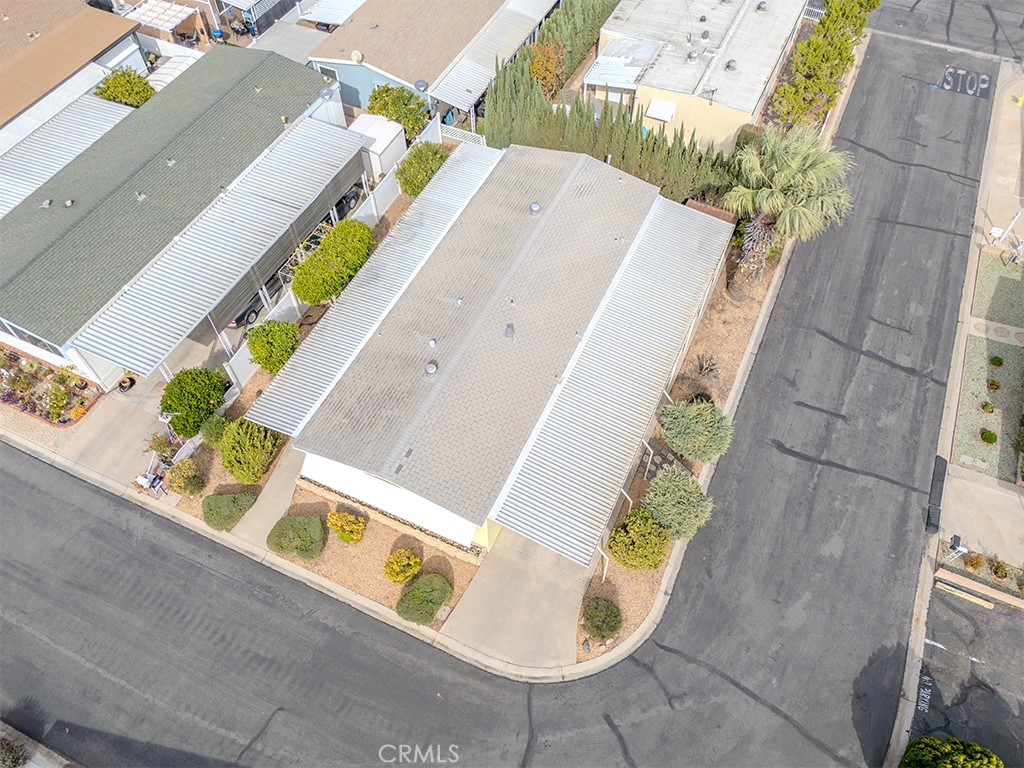 UNKNOWN - Residential Lease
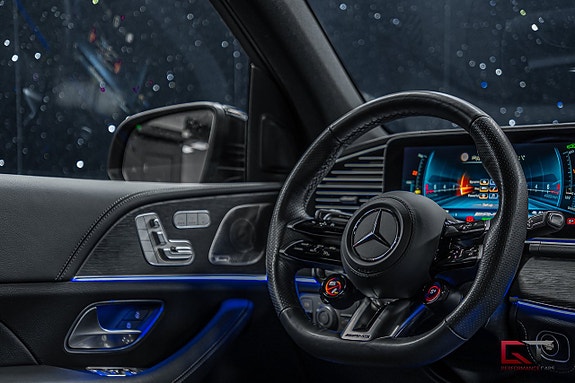 Mercedes-Benz GLE53 19 of 21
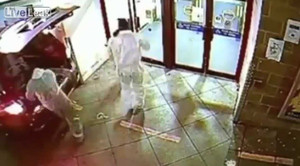 Clip: Tên trộm liều lĩnh dùng ôtô kéo nguyên cả cây ATM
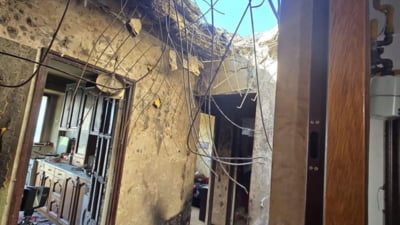 Gaură imensă în tavanul apartamentului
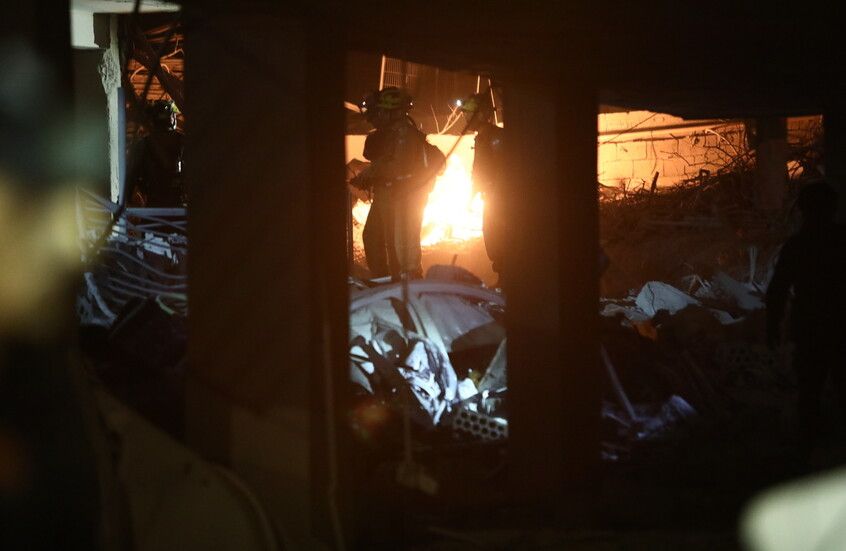 لقطات لحرائق ودمار واسع في تل أبيب جراء القصف الإيراني غير المسبوق.. (فيديو)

§ Task details
Retype the records above exactly, starting at the line that contains "Mercedes-Benz GLE53 19 of 21" and going through the last line, and leave out any pictures.

§ Answer space
 Mercedes-Benz GLE53 19 of 21
 Clip: Tên trộm liều lĩnh dùng ôtô kéo nguyên cả cây ATM
 Gaură imensă în tavanul apartamentului
 لقطات لحرائق ودمار واسع في تل أبيب جراء القصف الإيراني غير المسبوق.. (فيديو)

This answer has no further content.